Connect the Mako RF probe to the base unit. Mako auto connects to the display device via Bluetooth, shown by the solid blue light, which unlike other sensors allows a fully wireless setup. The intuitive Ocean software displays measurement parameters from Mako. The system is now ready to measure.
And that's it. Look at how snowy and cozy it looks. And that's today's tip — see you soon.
***
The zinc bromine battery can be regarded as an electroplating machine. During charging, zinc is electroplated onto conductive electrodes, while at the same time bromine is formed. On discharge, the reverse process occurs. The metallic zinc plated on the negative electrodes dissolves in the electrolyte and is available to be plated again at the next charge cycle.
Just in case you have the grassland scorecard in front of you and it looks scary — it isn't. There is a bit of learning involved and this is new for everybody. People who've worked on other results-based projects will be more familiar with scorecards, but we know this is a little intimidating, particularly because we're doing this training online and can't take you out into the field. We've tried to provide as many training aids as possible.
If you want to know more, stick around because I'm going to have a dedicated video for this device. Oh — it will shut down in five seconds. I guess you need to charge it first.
***
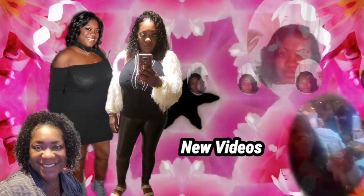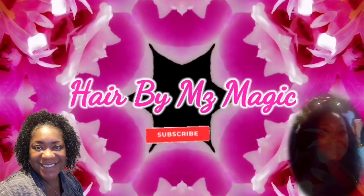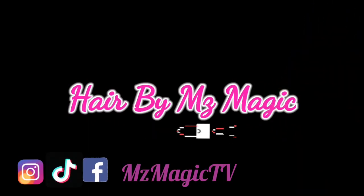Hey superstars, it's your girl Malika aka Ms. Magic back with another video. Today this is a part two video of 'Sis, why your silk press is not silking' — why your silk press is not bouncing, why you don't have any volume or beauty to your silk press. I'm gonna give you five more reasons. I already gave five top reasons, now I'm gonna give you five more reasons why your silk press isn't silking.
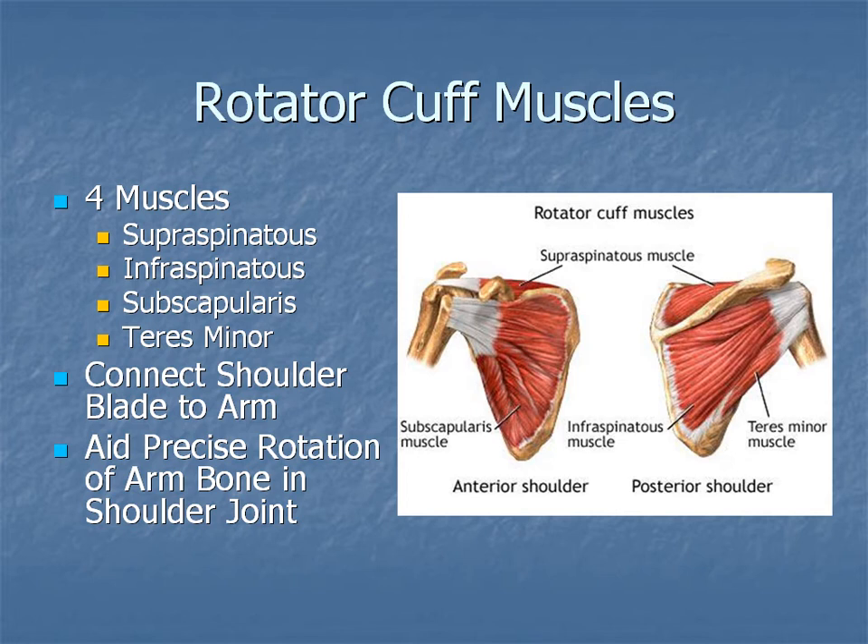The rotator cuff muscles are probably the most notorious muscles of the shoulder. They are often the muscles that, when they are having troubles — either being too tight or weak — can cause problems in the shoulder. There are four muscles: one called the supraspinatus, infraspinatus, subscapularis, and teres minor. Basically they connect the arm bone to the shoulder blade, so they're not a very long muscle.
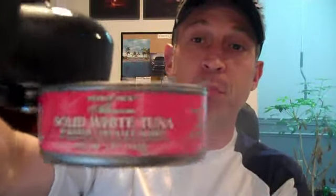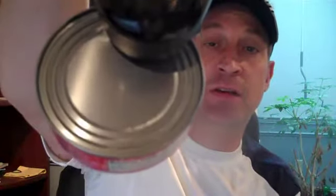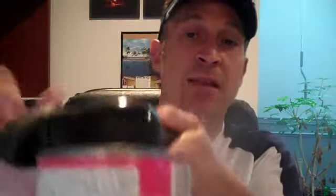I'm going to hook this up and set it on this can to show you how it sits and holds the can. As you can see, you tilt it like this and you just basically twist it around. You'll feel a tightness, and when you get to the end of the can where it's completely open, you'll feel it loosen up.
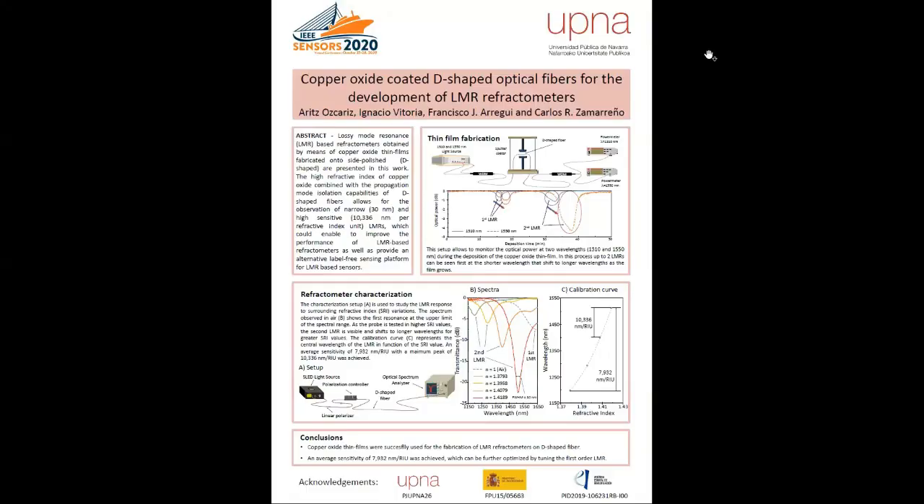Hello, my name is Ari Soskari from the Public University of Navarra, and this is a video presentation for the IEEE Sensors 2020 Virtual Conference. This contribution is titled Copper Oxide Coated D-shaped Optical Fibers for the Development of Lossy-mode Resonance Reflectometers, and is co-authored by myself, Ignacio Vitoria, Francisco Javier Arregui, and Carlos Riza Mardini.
***
| WORK INSTRUCTION |
Take the listing above and repeat exactly the lines from the one containing "Connect the Mako" through the one containing "And that's it.", both included.

| REPLY |
Connect the Mako RF probe to the base unit. Mako auto connects to the display device via Bluetooth, shown by the solid blue light, which unlike other sensors allows a fully wireless setup. The intuitive Ocean software displays measurement parameters from Mako. The system is now ready to measure.
And that's it. Look at how snowy and cozy it looks. And that's today's tip — see you soon.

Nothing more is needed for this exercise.